Cardiac Toxicities Associated with Immune Checkpoints Inhibitors: Mechanisms, Manifestations and Management

Affiliations
Review

Cardiac Toxicities Associated with Immune Checkpoints Inhibitors: Mechanisms, Manifestations and Management

Abdulrazzak Zarifa et al. Korean Circ J. 2021 Jul.

Abstract

Immune checkpoint inhibitor (ICI) associated cardiovascular adverse events (CVAE) have become more frequent with the growing use of cancer immunotherapy. CVAEs include a wide spectrum of diseases such as myocarditis, pericarditis, heart failure, arrhythmias, coronary artery disease, and hypertension.
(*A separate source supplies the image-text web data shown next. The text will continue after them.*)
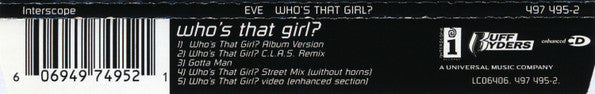Eve (2) : Who's That Girl? (CD, Maxi, Enh)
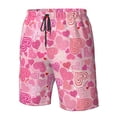 thumbnail image 4 of Fotbe Love Trajes de Baño Estampados para Hombre, Shorts de Verano de Secado Rápido, Ropa de Playa, Bañadores-XX-Large, 4 of 6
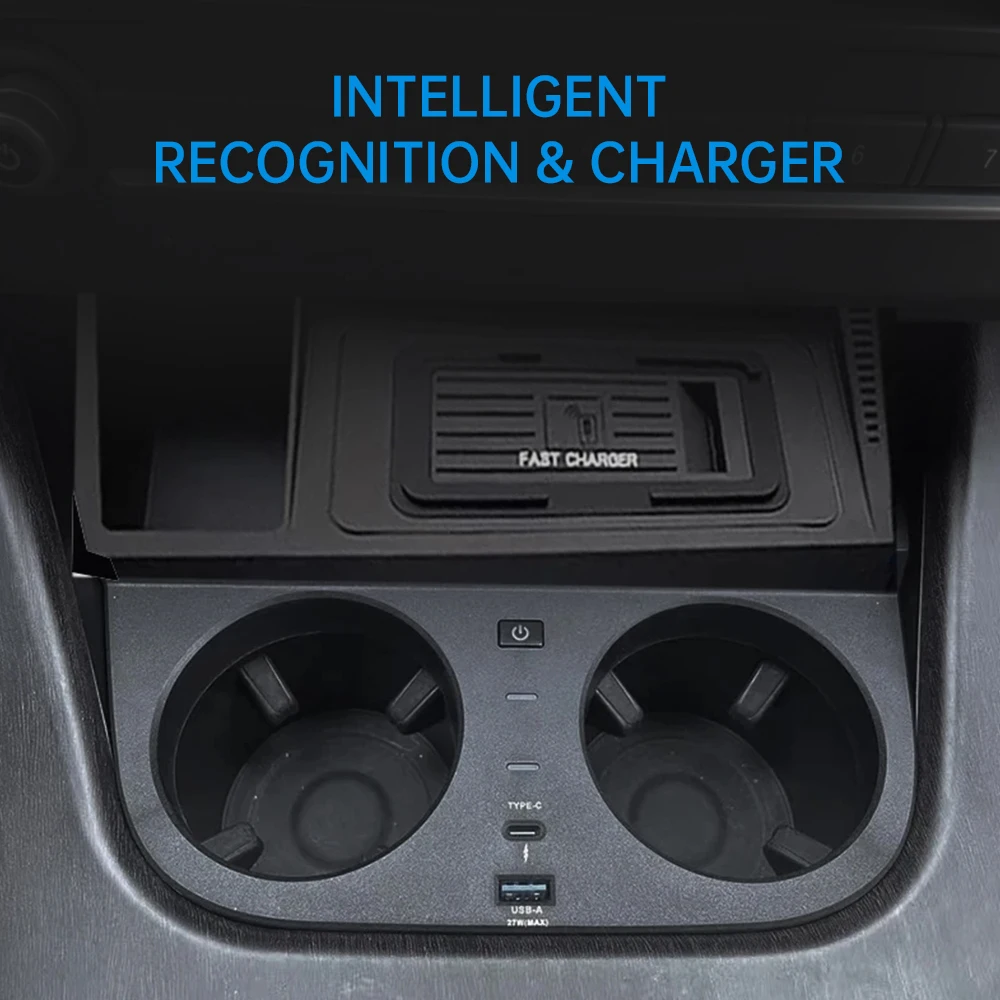 For BMW X3 F25 X4 F26 2014-2018 15W Car Wireless Charger Fast Phone Charger Charging Pad Panel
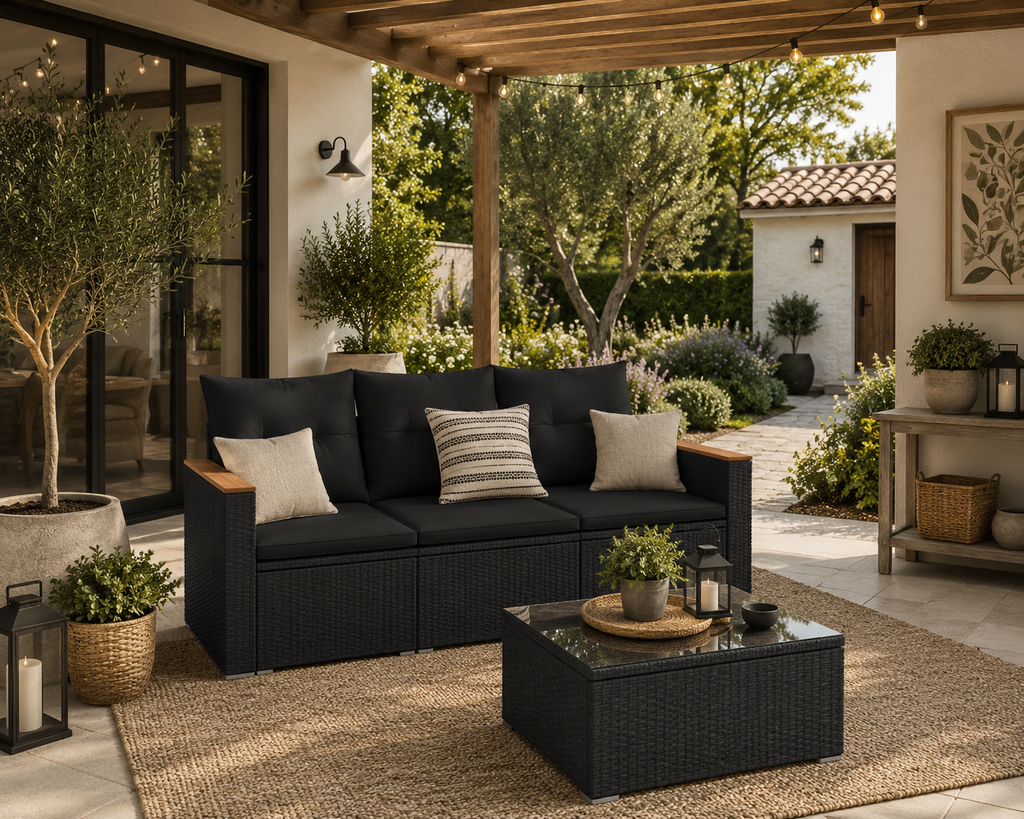 Salon de Jardin Résine Tressée Signature BORGO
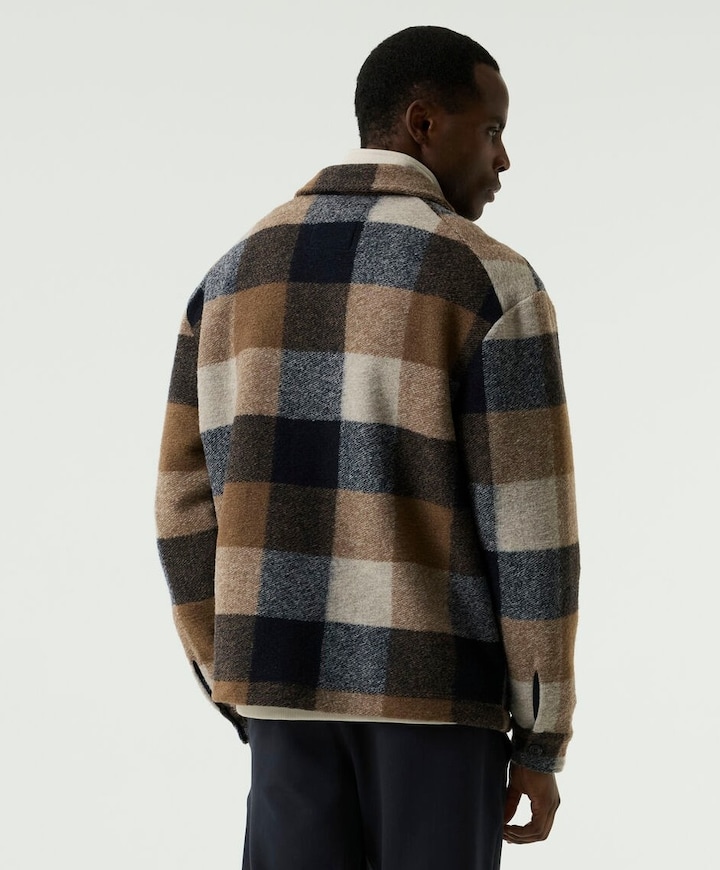 Heren overshirt bruin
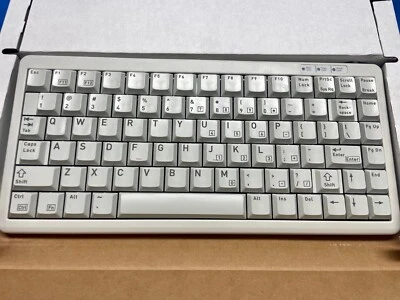 *NEW* CHERRY G84-4100 PS2/USB 83-KEY WHITE TKL MECHANICAL INDUSTRIAL KEYBOARD - Image 1 of 4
The induction of cardiovascular side effects by ICI use is hypothesized to occur due to inflammation and immune dysregulation of normal tissue in response to immunotherapy. Management of ICI-associated CVAEs mitigates an overactive immune response by utilizing steroids, immunomodulatory drugs and hemodynamic stabilization. However, few controlled studies on the cardiovascular safety of ICIs exist and treatment of their side effects are mostly from limited case series. Our review seeks to provide the most recent understanding of ICI-associated CVAEs and their management.

Keywords: CTLA-4; Immune checkpoint inhibitor; Myocarditis; PD-1; PD-L1.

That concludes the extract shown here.